Memory Management in Operating Systems
Every program needs memory to run. But memory is a finite resource, and when dozens of processes are competing for it simultaneously, someone needs to keep things organized.
That job falls on the memory management component of the operating system. It tracks what is being used, what is free, and makes sure every process gets what it needs without stepping on anyone else.
Process Address Space
When a process runs, it works with a set of addresses that refer to memory locations in its code. These are NOT the actual physical addresses in your RAM chips. Instead, they are logical addresses, and the OS handles the translation.
Addresses go through three stages as a program moves from source code to execution:
- Symbolic Addresses: What programmers write (e.g., variable names, labels, constants). These exist only in source code.
- Relative Addresses: Produced by the compiler. It converts symbolic names into positions relative to the start of the program (e.g., "14 bytes from the start").
- Physical Addresses: Generated by the loader when the program is actually placed into RAM hardware.
Loading and Linking
Before a program can run, it must be linked with external libraries and loaded into memory.
| Concept | Static | Dynamic |
|---|---|---|
| Loading (Putting code in memory) | Everything is compiled and loaded into memory at once. Stays there until the program ends. | Only the core program loads at startup. Additional modules load from disk only when called. |
| Linking (Connecting to libraries) | All required library code is bundled directly into the executable file.
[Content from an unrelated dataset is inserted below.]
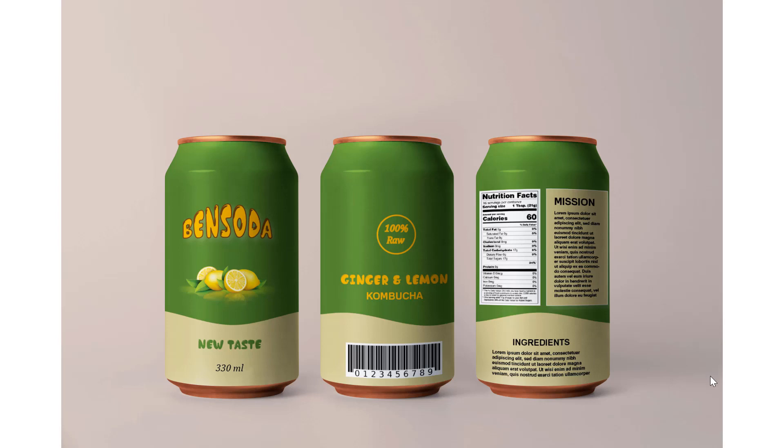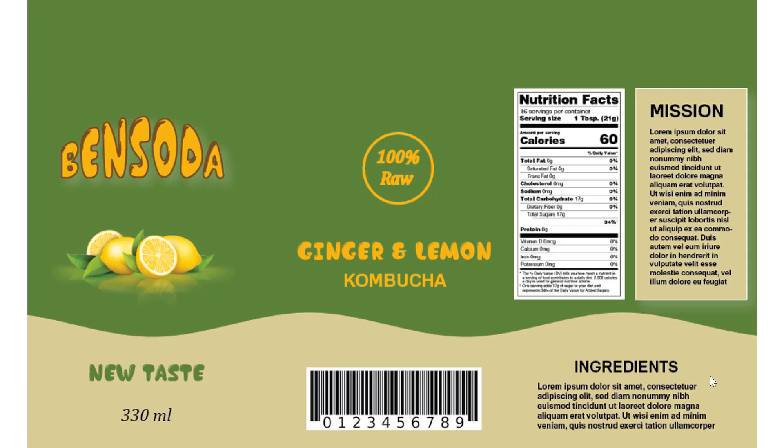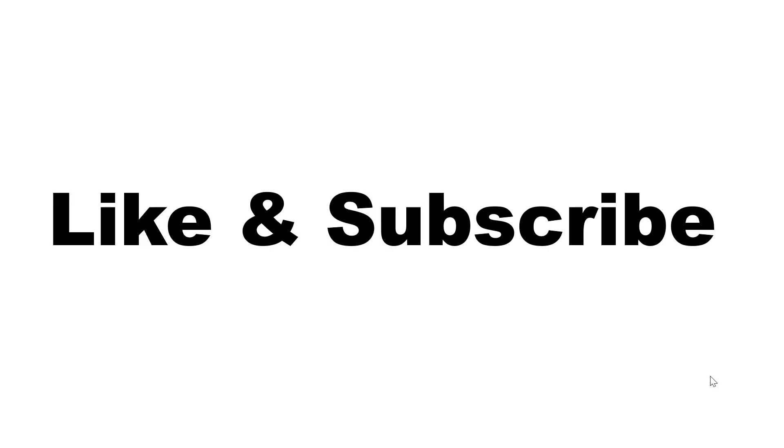Hi, do you want to design a can like this? This is the die line for design. If you want to create a design like this, this video is for you. Before going to start, please like and subscribe to my channel to get more videos like this. Now here we go.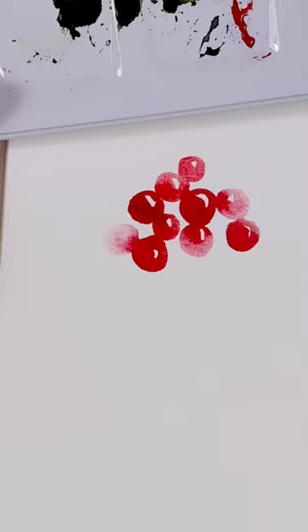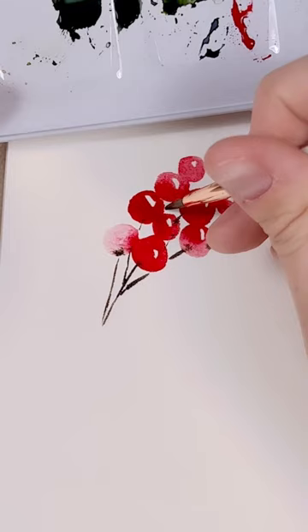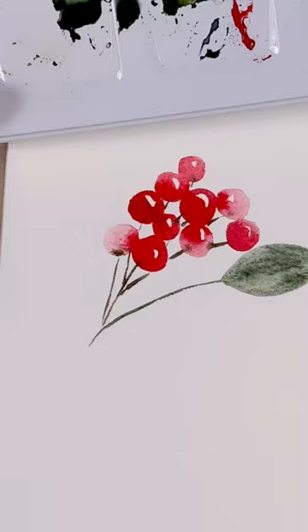Next, using my size 2 round brush, I'm going to take a dark brown and paint some stems. Lastly, pick your favorite green and start painting some green foliage. It's up to you whether you want to paint holly leaves, regular leaves like this, or even some pine needles.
Makes the file large, but self-contained. | The executable just holds a reference. The actual library (like a DLL) is connected at runtime, saving space and allowing multiple programs to share it. |
Swapping
Sometimes there simply is not enough RAM for every process that wants to run. Swapping is the mechanism that handles this situation. The OS temporarily moves an idle process out of RAM and onto the hard disk, freeing up memory. Later, when the original process needs to run again, it gets brought back in.
Swapping: Moving processes between Main Memory (RAM) and the Backing Store (Disk).
Swapping has a massive performance cost because disk I/O is notoriously slow. Let's look at the math:
Process Size: 2048 KB (2 MB)
Disk Transfer Rate: 1 MB per second
Time to swap out to disk: 2 seconds
Time to swap back into RAM: 2 seconds
Total Overhead: 4 full seconds of waitingDespite the heavy cost, swapping is a necessary evil. It makes it possible to run more processes than would otherwise physically fit in memory.
Memory Allocation and Fragmentation
The OS can manage user memory in two ways: Single Partition Allocation (one process gets a large chunk protected by limit registers) or Multiple Partition Allocation (memory is divided into fixed-sized chunks for multiple processes).
As processes come and go, the free memory left behind tends to get scattered. This is called Fragmentation.
Fragmentation: Free memory becomes scattered into small, unusable gaps.
- External Fragmentation: There is technically enough total free memory to satisfy a request, but it is spread across many small gaps rather than sitting in one contiguous block.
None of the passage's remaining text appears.